Выбрать главу

В «Столбцах» сквозит тревожное раздумье о том, что старый быт манит людей мнимой полнотой жизни, плотскими радостями, составляя заманчивый контраст по необходимости суровому, временно носящему несколько аскетический характер и поглощающему у людей много сил строительству новой жизни. Нэповский быт притягивает к себе не только обаянием «пошлости таинственной» (о которой говорил еще Блок), веющей в «глуши бутылочного рая» вечернего бара или в толпе «сирен», снующих по вечернему Невскому. Он обещает исполнение простейших человеческих желаний, элементарных и необходимейших потребностей — радоваться жизни, любить. И не сразу разберешься, что его товар с изъяном, что это подделка: радость жизни оказывается сытым самодовольством, любовь — пошлостью. В самой интонации «Столбцов» — в увлеченных, подробных и наивно-косноязычных описаниях обступающего героев вещного мира — есть что-то от взгляда человека, жадно и настороженно взирающего на «соблазны бытия». Так глядят в «Цирке» на сцену; на снедь — в «Рыбной лавке»; в «Обводном канале» — на изобилие этой тогдашней петроградской Сухаревки.

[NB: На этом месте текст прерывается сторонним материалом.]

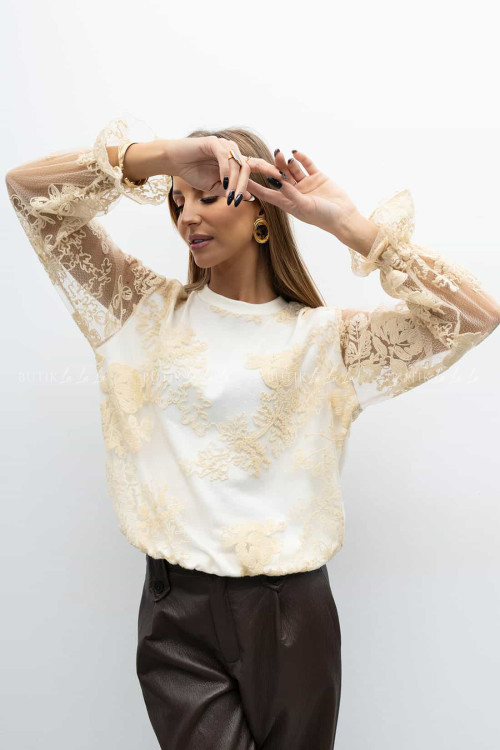 Bluzka biało beżowa Carenza 1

В повадках торгашей с Обводного канала есть что-то гипнотизирующее людей:

И нету сил держаться боле, Толпа в плену, толпа в неволе, Толпа лунатиком идет, Ладони вытянув вперед.

Да, все это дразнит, влечет, но не таится ли за этой приманкой, к которой так естественно потянуться, нечто темное, смутное, подстерегающее и требующее отступничества от того, чем ты до сих пор жил? И почти одновременно с «Клопом» Маяковского пишутся такие стихи Заболоцкого, как «Новый быт» и «Свадьба». Величающий себя «новой жизни ополченцем», герой «Нового быта», который «к невесте лепится ужом», и другой жених — из «Свадьбы», — «приделанный к невесте и позабывший гром копыт», — оба они, так же как и Присыпкин, «с треском от класса отрываются». При всем сходстве трактовки и даже отдельных образов, картина, рисуемая Заболоцким, выглядит более устоявшейся и потому более мрачной.

Заболоцкий не в силах выйти за пределы пугающего его мирка. Как будто нет нигде вокруг ни тех, которые ценой напряженного труда и немалых лишений строят социалистическую индустрию (сравним хотя бы написанный в те же годы «Рассказ о Кузнецкстрое и о людях Кузнецка» В. Маяковского), ни людей, после боя засевших за учебу и открывших для себя огромный мир знания («Рабфаковка» М. Светлова), ни самого юного поколения, полного чистейшей, бескомпромиссной готовности жить и умереть коммунистами («Смерть пионерки» Э. Багрицкого). Одна Медуза-Горгона мещанства властно приковывает к себе взгляд поэта.

Характерен пейзаж, открывающийся поэту из окна:

… на весь квартал Обводный царствует канал.

Обводный канал»)

На Обводном канале размещался тогда рынок, превращающийся в стихах Заболоцкого чуть ли не в символ мироздания:

Маклак штаны на воздух мечет, Ладонью бьет, поет как кречет: Маклак — владыка всех штанов, Ему подвластен ход миров, Ему подвластно толп движенье…

Начавшись с шутки («владыка всех штанов»), изображение маклака делается потом довольно зловещим.

С другой стороны, Н. Заболоцкий не различает в это время современных модификаций мещанства, способного вывесить вместо иконы портреты «вождей» и процветать уже не под сладкие вздохи гитары, а под барабанный бой (Победоносиков из «Бани» В. Маяковского). Мещанство кажется ему каким-то извечным злом, и порой поэт даже начинает рассматривать свое неприятие мещанства как нечто благородное, но бесцельное.

В «мире, зажатом плоскими домами», он порой чувствует себя таким же трагически одиноким безумцем, как кот в стихотворении «На лестницах»:

Сомненья нету: замкнут мир И лишь одни помои плещут Туда, где мудрости кумир.

Рассказав о том, как «взбунтовавшийся» кот обрел печальный конец, поэт невесело заключает:

И я на лестнице стою, Такой же белый, важный. Я продолжаю жизнь твою, Мой праведник отважный.

Такой взгляд на окружающее породил и своеобразное художественное видение. Явления и вещи как бы выступают в двойственном обличим — и в своей чувственной конкретности, и как принадлежность мира собственничества, воплощение всей его скверны. Отчасти поэтому в «Столбцах» ощущается известное противоборство двух стилевых стихий: яркие и сочные мазки сменяются резкими, грубыми штрихами.